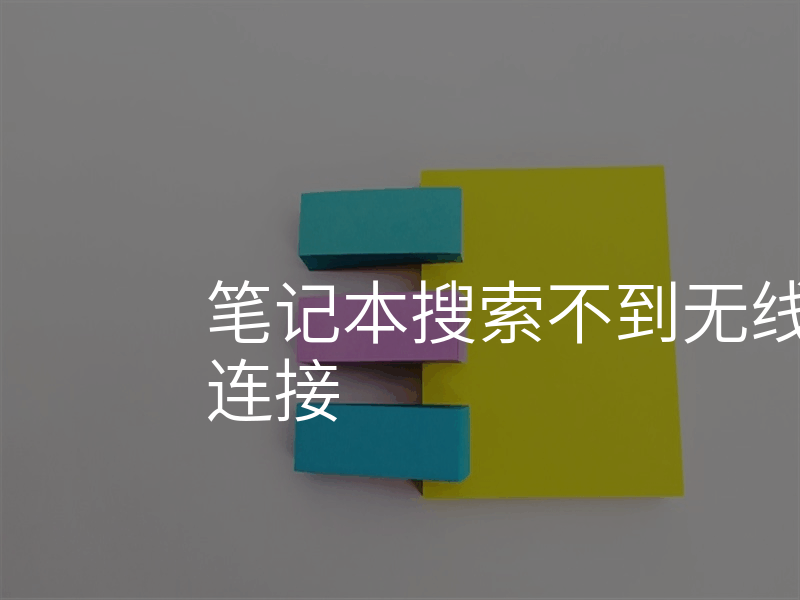 笔记本搜索不到无线网只有宽带连接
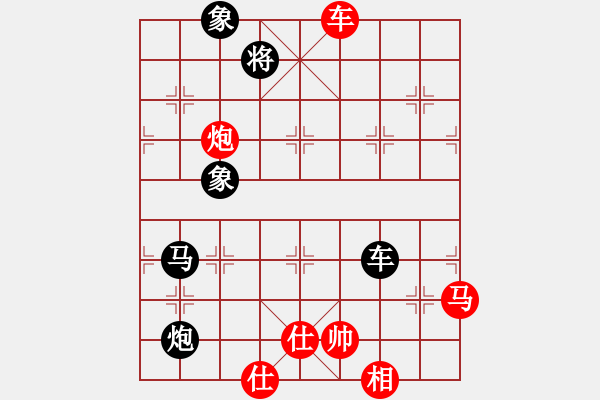 象棋棋譜圖片：棋壇毒龍(8段)-負-南昌獅(7段) - 步數(shù)：160 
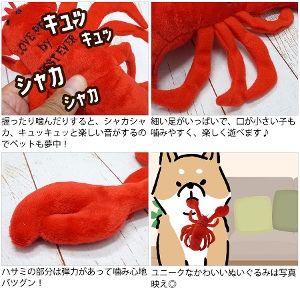 xXgGo[ XNC[L[@Pet Toy uX^[yzyz@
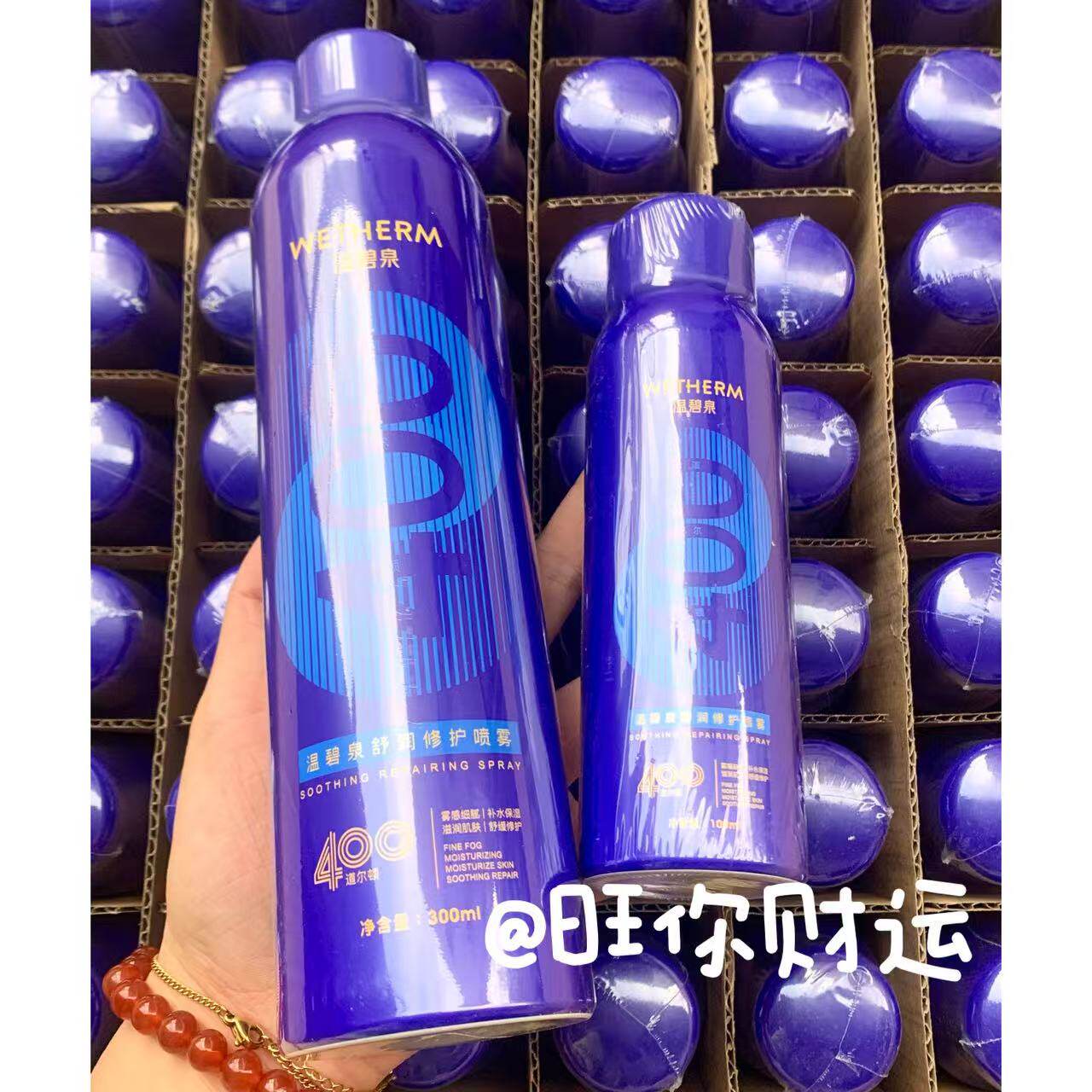 超值甩~温家舒润修护喷雾爽肤水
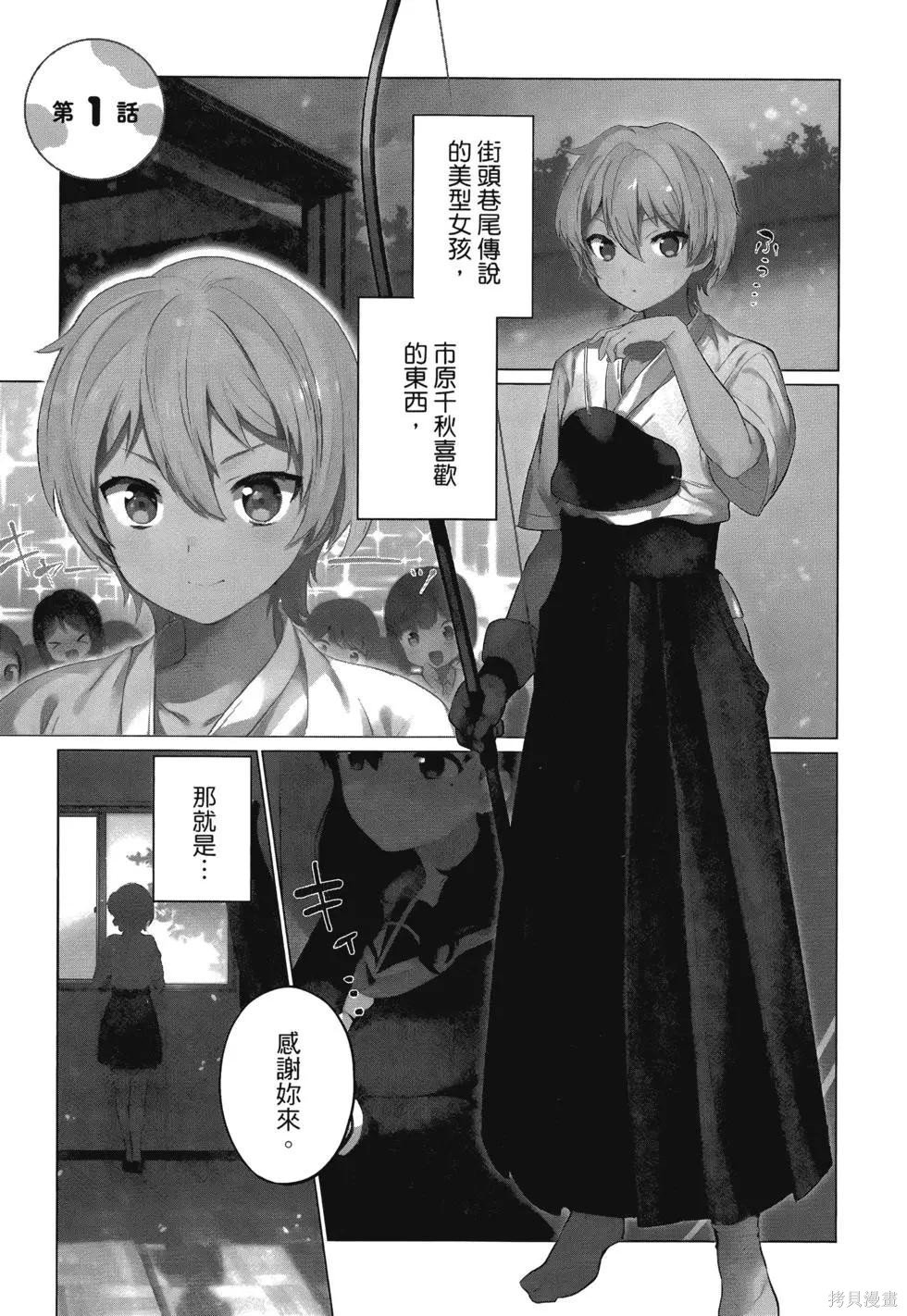第1卷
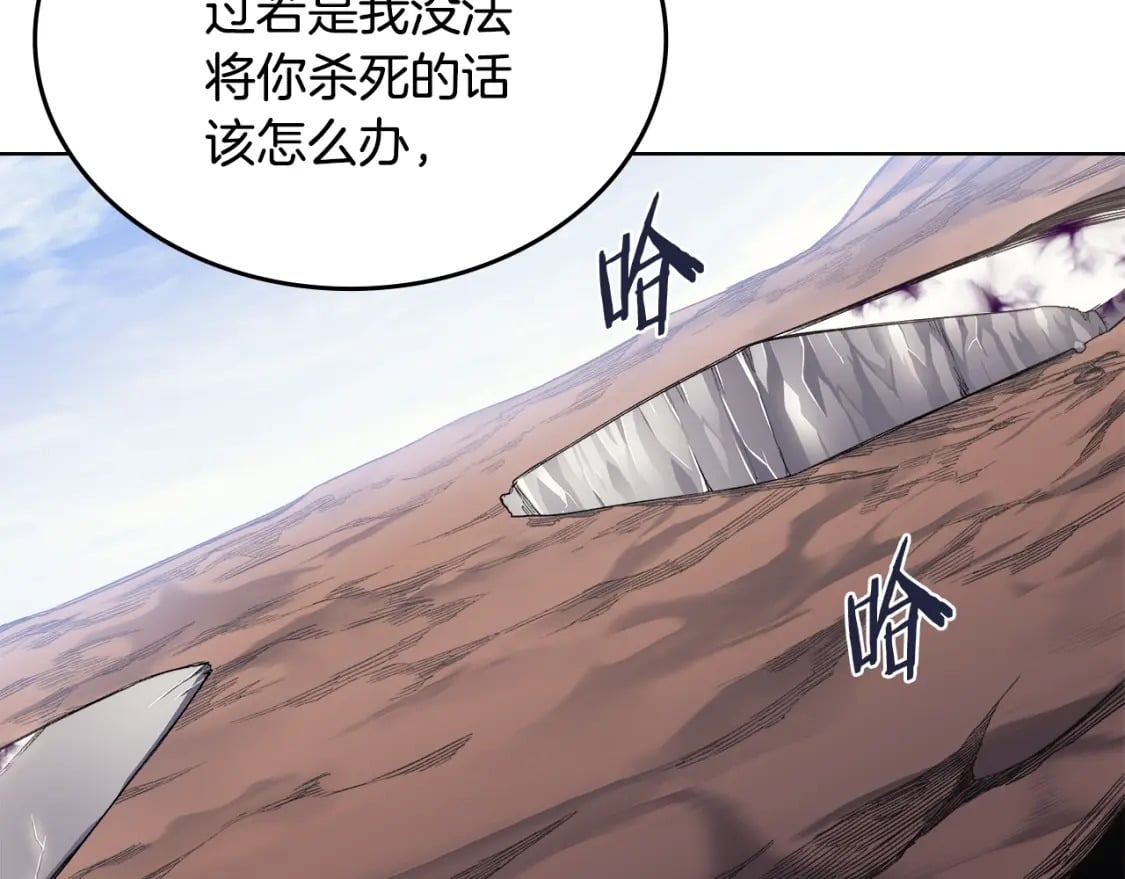第46话 战败64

## [Work item]
Please transcribe, with no additions, the lines starting at the one that contains "象棋棋譜圖片：棋壇毒龍(8段)-負-南昌獅(7段) - 步數(shù)：160" and running through the last line of the entries, inclusive. Leave the pictures out.

## [Exercise output]
 象棋棋譜圖片：棋壇毒龍(8段)-負-南昌獅(7段) - 步數(shù)：160 
 xXgGo[ XNC[L[@Pet Toy uX^[yzyz@
 超值甩~温家舒润修护喷雾爽肤水
第1卷
第46话 战败64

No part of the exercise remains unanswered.